### AVAILABLE DATA
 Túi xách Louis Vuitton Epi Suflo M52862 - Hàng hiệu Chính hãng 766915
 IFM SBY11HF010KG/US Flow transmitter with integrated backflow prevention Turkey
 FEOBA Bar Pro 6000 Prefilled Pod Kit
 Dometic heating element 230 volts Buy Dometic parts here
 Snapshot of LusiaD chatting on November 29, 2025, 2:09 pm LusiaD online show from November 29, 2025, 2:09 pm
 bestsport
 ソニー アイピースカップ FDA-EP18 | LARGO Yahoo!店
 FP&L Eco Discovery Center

---

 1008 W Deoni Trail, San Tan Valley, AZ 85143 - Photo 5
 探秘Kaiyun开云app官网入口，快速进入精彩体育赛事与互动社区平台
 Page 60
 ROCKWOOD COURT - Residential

### EXERCISE DIRECTIONS
Reproducing the whole listing above is not the task. Copy exactly only the lines from the one with "Dometic heating element" to the one with "FP&L Eco Discovery Center", both kept.

### ANSWER BOX
 Dometic heating element 230 volts Buy Dometic parts here
 Snapshot of LusiaD chatting on November 29, 2025, 2:09 pm LusiaD online show from November 29, 2025, 2:09 pm
 bestsport
 ソニー アイピースカップ FDA-EP18 | LARGO Yahoo!店
 FP&L Eco Discovery Center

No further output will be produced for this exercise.